----- DATA EXCERPTS -----
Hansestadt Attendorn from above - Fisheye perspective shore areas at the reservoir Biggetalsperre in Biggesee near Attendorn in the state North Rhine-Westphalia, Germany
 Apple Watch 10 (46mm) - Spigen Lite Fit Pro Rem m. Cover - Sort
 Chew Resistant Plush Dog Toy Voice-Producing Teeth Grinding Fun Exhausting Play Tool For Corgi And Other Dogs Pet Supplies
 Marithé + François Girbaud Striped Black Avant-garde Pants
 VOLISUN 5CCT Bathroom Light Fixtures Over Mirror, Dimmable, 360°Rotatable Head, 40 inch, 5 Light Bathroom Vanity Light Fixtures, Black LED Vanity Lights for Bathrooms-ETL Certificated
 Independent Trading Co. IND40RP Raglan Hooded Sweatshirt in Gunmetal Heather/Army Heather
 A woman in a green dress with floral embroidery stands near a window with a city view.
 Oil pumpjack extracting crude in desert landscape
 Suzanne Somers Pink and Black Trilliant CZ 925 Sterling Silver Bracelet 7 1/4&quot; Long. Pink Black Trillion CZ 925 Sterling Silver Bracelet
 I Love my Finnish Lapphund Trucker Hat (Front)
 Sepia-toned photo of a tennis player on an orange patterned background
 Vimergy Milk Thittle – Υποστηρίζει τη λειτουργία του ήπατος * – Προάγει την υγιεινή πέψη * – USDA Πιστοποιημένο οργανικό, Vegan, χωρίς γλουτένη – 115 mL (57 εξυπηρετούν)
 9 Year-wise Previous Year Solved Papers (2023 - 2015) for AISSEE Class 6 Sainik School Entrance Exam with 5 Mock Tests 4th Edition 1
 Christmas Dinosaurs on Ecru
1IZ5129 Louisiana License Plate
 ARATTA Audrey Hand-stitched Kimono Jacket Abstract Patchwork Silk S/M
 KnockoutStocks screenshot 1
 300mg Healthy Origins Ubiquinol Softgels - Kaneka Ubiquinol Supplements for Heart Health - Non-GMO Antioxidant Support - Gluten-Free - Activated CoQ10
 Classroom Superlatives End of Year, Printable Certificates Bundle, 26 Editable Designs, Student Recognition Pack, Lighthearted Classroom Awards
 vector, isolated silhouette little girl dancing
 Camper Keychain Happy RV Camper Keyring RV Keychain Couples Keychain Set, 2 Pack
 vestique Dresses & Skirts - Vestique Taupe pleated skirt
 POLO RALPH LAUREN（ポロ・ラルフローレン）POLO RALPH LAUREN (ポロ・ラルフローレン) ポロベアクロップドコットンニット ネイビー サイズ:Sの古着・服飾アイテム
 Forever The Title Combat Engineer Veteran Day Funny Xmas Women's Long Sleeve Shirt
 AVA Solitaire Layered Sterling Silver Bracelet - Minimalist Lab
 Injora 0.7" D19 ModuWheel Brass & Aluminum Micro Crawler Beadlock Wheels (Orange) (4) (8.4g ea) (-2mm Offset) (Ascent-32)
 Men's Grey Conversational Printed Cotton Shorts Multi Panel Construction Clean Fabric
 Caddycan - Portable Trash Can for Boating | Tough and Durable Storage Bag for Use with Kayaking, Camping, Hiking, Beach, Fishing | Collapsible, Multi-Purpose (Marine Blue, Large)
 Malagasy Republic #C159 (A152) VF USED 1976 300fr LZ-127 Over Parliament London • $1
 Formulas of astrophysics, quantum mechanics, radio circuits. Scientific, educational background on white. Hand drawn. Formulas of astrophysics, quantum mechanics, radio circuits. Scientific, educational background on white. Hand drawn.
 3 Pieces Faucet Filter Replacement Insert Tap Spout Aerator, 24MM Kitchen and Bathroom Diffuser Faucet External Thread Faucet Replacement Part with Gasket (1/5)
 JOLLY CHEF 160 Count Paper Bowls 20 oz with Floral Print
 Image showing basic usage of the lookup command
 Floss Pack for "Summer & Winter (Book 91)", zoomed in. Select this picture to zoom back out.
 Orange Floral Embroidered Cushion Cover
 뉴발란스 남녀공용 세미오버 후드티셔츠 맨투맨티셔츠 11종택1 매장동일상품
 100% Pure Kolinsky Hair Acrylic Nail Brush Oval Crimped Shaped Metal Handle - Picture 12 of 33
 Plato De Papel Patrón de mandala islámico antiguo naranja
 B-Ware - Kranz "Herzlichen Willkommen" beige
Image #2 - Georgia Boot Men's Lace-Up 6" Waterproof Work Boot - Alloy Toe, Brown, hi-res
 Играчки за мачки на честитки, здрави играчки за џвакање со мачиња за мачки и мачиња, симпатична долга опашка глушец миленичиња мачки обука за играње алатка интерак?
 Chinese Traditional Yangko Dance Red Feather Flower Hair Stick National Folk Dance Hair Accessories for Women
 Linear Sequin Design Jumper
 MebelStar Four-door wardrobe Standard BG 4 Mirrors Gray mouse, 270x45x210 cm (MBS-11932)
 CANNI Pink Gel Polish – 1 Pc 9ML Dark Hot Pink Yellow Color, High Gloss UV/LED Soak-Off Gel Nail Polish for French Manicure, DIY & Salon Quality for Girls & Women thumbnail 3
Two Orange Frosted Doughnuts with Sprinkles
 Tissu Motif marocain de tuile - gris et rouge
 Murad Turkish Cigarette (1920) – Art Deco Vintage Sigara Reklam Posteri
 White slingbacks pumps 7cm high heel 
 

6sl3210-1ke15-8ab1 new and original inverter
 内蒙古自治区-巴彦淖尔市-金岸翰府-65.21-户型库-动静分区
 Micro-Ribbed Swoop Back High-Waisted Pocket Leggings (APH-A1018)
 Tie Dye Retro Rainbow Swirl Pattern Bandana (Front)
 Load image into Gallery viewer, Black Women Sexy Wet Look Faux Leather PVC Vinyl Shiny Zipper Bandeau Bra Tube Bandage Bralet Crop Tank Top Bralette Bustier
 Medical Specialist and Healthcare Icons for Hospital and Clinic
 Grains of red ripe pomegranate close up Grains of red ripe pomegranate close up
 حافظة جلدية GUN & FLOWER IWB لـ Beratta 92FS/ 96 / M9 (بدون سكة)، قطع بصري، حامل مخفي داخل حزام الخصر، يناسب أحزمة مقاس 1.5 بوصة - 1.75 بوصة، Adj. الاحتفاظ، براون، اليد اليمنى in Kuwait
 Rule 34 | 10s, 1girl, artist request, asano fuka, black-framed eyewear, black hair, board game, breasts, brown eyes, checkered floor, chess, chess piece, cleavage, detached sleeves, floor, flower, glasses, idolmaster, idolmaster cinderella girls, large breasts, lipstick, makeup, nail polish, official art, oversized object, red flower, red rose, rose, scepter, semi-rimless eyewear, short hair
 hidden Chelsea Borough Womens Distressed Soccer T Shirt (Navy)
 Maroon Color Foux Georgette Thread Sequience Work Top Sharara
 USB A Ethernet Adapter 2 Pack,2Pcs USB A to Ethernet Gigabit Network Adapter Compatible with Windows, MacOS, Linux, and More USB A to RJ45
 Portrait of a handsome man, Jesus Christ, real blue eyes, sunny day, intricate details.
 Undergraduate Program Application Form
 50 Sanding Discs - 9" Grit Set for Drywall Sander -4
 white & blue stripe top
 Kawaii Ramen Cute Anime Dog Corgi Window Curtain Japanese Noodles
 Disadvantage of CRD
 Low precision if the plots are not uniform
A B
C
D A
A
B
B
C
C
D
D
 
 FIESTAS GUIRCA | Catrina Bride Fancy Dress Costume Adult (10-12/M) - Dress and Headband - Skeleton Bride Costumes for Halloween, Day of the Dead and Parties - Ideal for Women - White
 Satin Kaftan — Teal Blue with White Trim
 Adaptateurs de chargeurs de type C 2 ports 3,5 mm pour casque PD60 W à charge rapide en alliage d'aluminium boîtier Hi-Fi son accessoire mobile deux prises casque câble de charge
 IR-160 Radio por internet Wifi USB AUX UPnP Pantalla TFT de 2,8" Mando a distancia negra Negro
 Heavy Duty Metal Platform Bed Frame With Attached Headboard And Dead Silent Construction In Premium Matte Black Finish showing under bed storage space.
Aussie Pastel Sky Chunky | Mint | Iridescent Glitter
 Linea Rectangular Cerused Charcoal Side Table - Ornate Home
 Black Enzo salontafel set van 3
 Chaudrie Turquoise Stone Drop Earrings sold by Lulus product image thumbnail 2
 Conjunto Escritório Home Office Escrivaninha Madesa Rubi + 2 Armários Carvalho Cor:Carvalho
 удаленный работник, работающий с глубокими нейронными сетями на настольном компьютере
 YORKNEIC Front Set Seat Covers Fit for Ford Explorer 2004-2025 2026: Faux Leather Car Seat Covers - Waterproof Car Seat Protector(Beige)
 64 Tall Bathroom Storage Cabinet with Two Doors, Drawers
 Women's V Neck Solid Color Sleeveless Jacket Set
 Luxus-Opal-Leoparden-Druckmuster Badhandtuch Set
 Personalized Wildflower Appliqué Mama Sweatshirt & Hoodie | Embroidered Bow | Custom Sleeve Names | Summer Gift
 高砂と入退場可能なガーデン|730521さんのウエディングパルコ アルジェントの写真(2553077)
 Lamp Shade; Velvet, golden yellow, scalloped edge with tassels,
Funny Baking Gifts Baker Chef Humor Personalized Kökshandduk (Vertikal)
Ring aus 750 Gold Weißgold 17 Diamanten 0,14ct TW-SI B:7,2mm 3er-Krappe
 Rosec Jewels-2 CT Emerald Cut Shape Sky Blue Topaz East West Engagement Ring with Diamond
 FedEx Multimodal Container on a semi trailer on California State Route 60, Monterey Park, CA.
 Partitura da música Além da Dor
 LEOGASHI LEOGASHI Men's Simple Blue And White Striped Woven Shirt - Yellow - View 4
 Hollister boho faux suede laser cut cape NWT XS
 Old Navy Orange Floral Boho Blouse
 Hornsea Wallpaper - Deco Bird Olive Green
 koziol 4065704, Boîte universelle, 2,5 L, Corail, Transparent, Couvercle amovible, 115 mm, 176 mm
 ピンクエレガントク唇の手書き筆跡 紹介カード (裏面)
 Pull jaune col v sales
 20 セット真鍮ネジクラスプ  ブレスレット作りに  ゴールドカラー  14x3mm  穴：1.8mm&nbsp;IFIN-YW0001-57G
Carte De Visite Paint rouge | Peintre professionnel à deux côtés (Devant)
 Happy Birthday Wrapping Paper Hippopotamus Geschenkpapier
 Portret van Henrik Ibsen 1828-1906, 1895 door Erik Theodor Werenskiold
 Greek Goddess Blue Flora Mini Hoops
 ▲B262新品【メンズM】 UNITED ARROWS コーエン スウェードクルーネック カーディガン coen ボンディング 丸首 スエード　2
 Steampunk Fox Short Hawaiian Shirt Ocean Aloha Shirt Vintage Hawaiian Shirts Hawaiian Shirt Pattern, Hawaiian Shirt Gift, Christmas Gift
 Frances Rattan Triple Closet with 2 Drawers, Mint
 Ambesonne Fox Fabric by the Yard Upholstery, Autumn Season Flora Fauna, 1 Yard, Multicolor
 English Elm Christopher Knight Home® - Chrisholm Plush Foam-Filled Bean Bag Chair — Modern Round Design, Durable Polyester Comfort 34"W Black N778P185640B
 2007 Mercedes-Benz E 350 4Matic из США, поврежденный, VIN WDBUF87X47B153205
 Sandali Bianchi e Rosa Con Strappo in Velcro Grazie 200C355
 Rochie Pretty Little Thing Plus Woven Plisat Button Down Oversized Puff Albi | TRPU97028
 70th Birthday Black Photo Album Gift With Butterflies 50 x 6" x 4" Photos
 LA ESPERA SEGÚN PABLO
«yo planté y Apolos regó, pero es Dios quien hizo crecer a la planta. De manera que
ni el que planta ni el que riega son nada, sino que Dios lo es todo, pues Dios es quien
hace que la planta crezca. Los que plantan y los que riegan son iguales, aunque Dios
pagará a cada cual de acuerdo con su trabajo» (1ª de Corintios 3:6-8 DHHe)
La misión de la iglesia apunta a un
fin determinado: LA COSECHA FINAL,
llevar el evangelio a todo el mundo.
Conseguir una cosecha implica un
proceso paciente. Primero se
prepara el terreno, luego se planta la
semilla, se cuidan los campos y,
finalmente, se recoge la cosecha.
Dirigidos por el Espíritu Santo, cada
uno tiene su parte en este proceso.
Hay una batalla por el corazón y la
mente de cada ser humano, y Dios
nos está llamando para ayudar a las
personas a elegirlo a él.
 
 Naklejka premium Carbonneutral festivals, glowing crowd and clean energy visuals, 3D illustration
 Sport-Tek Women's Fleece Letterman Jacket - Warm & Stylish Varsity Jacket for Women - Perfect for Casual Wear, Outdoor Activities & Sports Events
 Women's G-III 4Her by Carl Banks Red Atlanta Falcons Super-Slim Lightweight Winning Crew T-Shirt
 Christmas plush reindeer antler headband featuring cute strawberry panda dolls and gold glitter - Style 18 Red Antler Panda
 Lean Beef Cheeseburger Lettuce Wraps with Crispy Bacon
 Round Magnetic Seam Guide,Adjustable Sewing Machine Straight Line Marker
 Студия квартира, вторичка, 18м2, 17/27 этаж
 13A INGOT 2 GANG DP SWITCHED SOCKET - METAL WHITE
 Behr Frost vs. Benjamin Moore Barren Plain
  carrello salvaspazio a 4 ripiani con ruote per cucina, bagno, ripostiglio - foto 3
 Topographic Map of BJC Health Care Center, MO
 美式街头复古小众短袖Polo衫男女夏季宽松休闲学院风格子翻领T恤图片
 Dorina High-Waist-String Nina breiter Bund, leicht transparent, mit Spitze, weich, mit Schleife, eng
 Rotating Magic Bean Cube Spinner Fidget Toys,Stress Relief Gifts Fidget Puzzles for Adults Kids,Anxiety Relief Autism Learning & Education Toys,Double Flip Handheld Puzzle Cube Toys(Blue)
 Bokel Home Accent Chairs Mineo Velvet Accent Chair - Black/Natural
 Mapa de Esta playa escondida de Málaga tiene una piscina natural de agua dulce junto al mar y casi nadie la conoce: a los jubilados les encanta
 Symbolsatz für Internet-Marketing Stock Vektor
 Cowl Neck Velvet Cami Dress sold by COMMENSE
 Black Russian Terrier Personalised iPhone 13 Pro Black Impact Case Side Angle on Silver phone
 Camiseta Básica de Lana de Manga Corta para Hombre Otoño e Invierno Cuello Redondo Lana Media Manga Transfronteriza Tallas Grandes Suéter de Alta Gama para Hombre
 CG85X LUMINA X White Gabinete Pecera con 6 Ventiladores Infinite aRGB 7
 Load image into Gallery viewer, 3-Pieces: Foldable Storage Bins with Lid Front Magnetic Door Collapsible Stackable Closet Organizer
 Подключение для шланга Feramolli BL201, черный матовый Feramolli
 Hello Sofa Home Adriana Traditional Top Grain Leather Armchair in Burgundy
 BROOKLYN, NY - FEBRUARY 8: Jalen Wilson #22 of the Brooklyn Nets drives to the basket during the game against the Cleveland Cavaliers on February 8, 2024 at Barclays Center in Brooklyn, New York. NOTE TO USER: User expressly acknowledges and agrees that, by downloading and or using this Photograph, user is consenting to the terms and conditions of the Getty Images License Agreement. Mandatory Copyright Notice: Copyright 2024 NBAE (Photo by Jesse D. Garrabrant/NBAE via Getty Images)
-----
TASK DETAILS | In the data above, repeat exactly each line from the first through the line that contains "Marithé + François", and give nothing else.

WRITTEN ANSWER |
Hansestadt Attendorn from above - Fisheye perspective shore areas at the reservoir Biggetalsperre in Biggesee near Attendorn in the state North Rhine-Westphalia, Germany
 Apple Watch 10 (46mm) - Spigen Lite Fit Pro Rem m. Cover - Sort
 Chew Resistant Plush Dog Toy Voice-Producing Teeth Grinding Fun Exhausting Play Tool For Corgi And Other Dogs Pet Supplies
 Marithé + François Girbaud Striped Black Avant-garde Pants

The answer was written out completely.